Big thanks to jianchao.li.fighter for telling me that C++'s priority_queue is a max-queue (see comments below).


Python

from heapq import *  

class MedianFinder:  

    def __init__(self):  
        self.heaps = [], []  

    def addNum(self, num):  
        small, large = self.heaps  
        heappush(small, -heappushpop(large, num))  
        if len(large) < len(small):  
            heappush(large, -heappop(small))  

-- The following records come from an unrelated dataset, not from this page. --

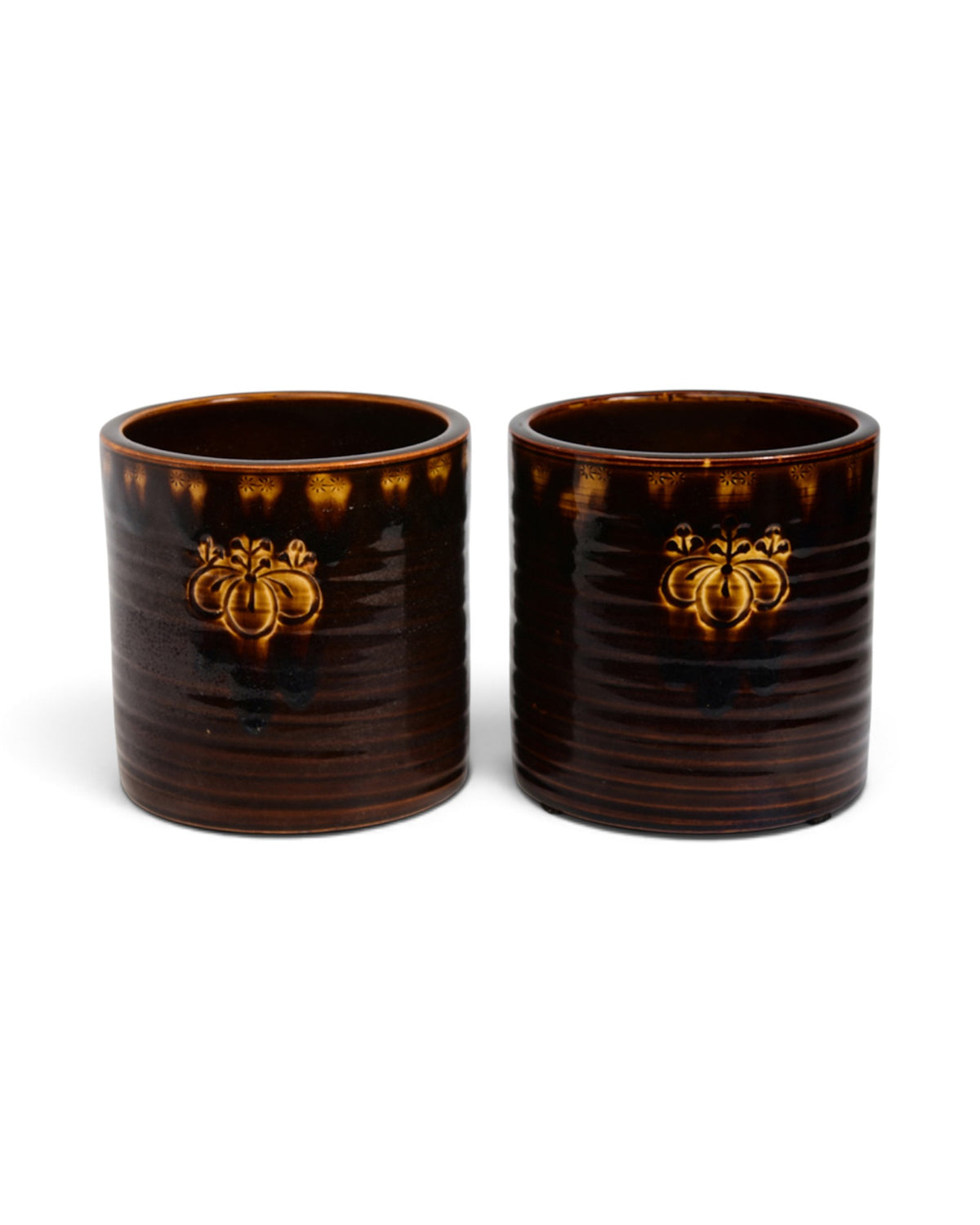A Pair of Ceramic Hibachi with Artist Signature - Set of 2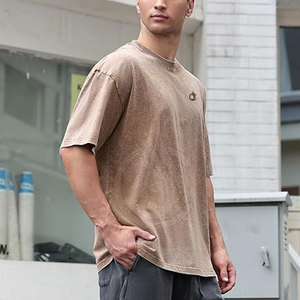 เสื้อยืดแฟชั่นทรงโอเวอร์ไซส์ ล้างสีแบบแอซิดวอช ผ้าฝ้าย 100% เนื้อผ้านุ่ม สวมใส่สบาย ทรงหลวม สไตล์ลำลอง เท่ห์ๆ  สำหรับสตรีทแวร์ เสื้อผ้าใส่สบาย - Product Image 4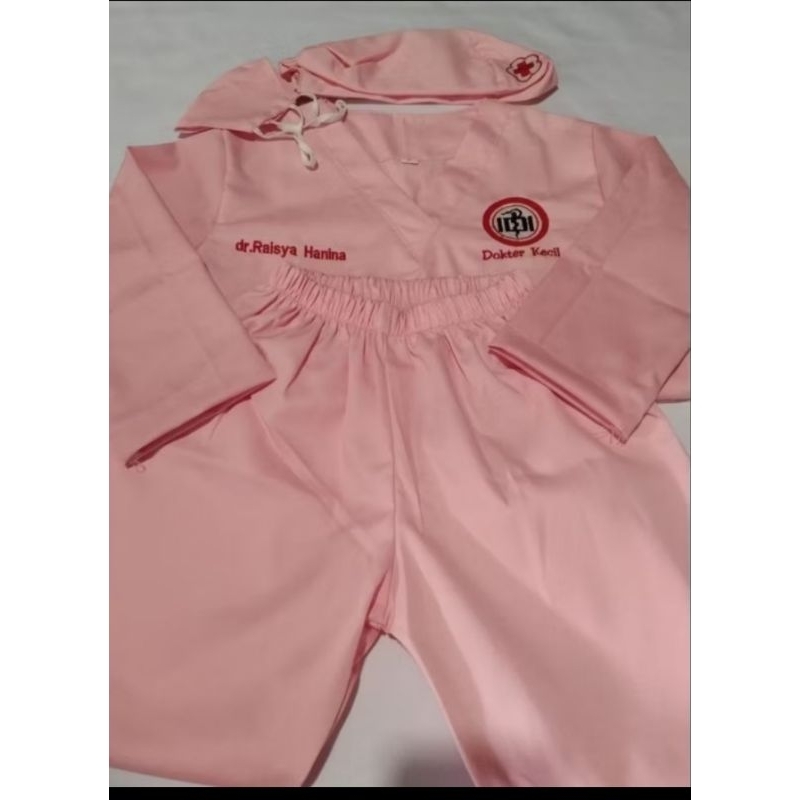 Baju Profesi Dokter Kecil Lengan Panjang - Bordir logo iddi & nama - Kostum Profesi Anak TK / SD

    def findMedian(self):  
        small, large = self.heaps  
        if len(large) > len(small):  
            return float(large[0])  
        return (large[0] - small[0]) / 2.0

他这个是维护large始终>= small;

另外他这个用负值来完成reverse order的操作还是有点意思;

@jianchao.li.fighter said in Short simple Java/C++/Python, O(log n) + O(1):

Hi, Stefan. In C++, the default priority_queue is a max heap. So I guess in order to fit with your Java and Python codes, the C++ code may require some revisions: large (instead of small) needs to use negated numbers. Do you think so? Anyway, the idea of using negated numbers is really cool :-)

这个还真是没想到, java里面默认的是min heap;


@kennethliaoke said in Share my java solution logn to insert, O(1) to query:

Not sure why it is marked as hard, i think this is one of the easiest questions on leetcode.

class MedianFinder {  
    // max queue is always larger or equal to min queue  
    PriorityQueue<Integer> min = new PriorityQueue();  
    PriorityQueue<Integer> max = new PriorityQueue(1000, Collections.reverseOrder());  
    // Adds a number into the data structure.  
    public void addNum(int num) {  
        max.offer(num);  
        min.offer(max.poll());  
        if (max.size() < min.size()){  
            max.offer(min.poll());  
        }  
    }  

    // Returns the median of current data stream  
    public double findMedian() {  
        if (max.size() == min.size()) return (max.peek() + min.peek()) /  2.0;  
        else return max.peek();  
    }  
};

很装逼, 不过这个人可能只是自己实现很熟悉用等分的思路来处理median这个pattern而已; 这种人就是没有mega cognition能力;


@hanhanbu said in Easy to understand double-heap solution in Java:

The basic idea is to maintain two heaps: a max-heap and a min-heap. The max heap stores the smaller half of all numbers while the min heap stores the larger half. The sizes of two heaps need to be balanced each time when a new number is inserted so that their size will not be different by more than 1. Therefore each time when findMedian() is called we check if two heaps have the same size. If they do, we should return the average of the two top values of heaps. Otherwise we return the top of the heap which has one more element.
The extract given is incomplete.